FF = flip_classifier_tool(input_dir=input_dir,
                          output_file=model_path,
                          max_frames=max_frames,
                          tail_filter_iters=tail_filter_iters,
                          space_filter_size=space_filter_size)

## Prepare Train-Test Datasets

Split your dataset into a train/test X and y sets. 

Select a percent split for the test set such that you can accurately evaluate the model accuracy in the next following step.

Upon completion, the cell will plot a 2x2 grid. 
 - The left column contains the correctly flipped examples of the data.
 - The right column contains the incorrect examples.
 - The bottom row contains the y-axis flip versions of the top row.

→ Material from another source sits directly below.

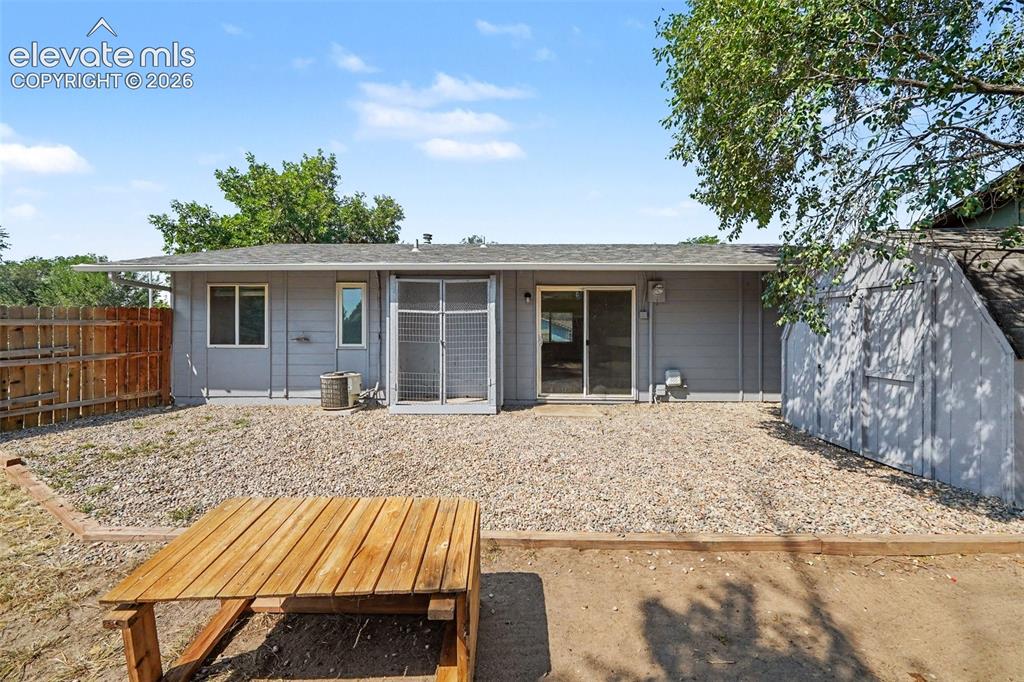 Image 18 of 19: Backyard with storage shed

Ensure that only the plotted frames in the __left__ column show the rodent facing east.

In [None]:
test_size = 20 # percent split

FF.prepare_datasets(test_size)

## Fit and Evaluate the Flip Classifier Model

The following cell will train the model with the split data, determine the flip classifier's accuracy, then saves the model to your desired output path.

In [None]:
# The maximum depth of the tree. Increase this value if your data includes larger amounts of variability.
# Variability can arise from obstructions, different rodent sizes, larger crop sizes, etc.
# Note: if increasing max_depth, ensure to increase your dataset size to ensure the model is not being over-fit.
max_depth = 6 
         
n_jobs = 4 # Number of parallel jobs to run `fit()` and `predict()`
verbose = 0 # levels of verbosity: [0, 1, 2]

FF.train_and_evaluate_model(n_jobs=n_jobs,
                            max_depth=max_depth,
                            verbose=verbose)

***